John Christensen happened to be on the lookout for just such a flag to take with him to the 2014 Olympics — and within a week and a half of his arrival in Sochi, it had become not only exceedingly popular but also a helpful tool in the mission he was on.
“In the last 10 days, this flag has gotten more attention probably than in the rest of its life in the basement of that church,” says Mr. Christensen, a member of Missouri State Highway Patrol Troop H and of the recently formed Strong Tower Baptist Church.
The church was started about six months ago by a group from McCarthy Baptist Church and was given the building at 3406 St. Joseph Ave. that formerly belonged to Marvin McMurry United Methodist Church. It was there Mr. Christensen found the American flag that he took to Russia as part of a Southern Baptist missions endeavor called Engage Sochi.
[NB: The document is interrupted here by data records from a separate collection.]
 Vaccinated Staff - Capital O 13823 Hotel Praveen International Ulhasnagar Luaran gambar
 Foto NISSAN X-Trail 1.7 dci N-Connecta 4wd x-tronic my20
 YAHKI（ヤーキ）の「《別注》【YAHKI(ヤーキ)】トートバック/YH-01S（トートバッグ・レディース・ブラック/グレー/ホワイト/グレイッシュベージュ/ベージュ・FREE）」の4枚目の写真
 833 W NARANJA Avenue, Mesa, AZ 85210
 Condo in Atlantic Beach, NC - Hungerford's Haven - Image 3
“The flag was a huge catalyst for that,” he says, adding that as one of few people carrying American flags at the beginning of the Olympics, he drew a lot of attention and was able to hand out a number of booklets containing the gospel message in English and Russian. These tracts incorporated in their message the colors of the Olympic rings – using, for example, black to represent sin, red to represent the blood of Christ and white to represent purity.
The flag also opened doors for Mr. Christensen to participate in what he learned was the unofficial sport of the Olympics: pin trading. His group handed out pins that said “Engage Sochi”— but still, what he found people were most interested in was his flag.
“People from all over the globe wanted pictures with the flag,” he says. “People love America. This flag is a big, big deal. It really is.”
One instance in which he especially saw this was during the opening ceremonies, which he spent in a huge crowd watching the events on a screen at an overflow venue. He notes that he was the only one among thousands of people holding an American flag, which drew the attention not only of other spectators but also of reporters from The Wall Street Journal, CBS News and elsewhere who wanted to interview him about whether he felt safe showing himself to be an American in that setting.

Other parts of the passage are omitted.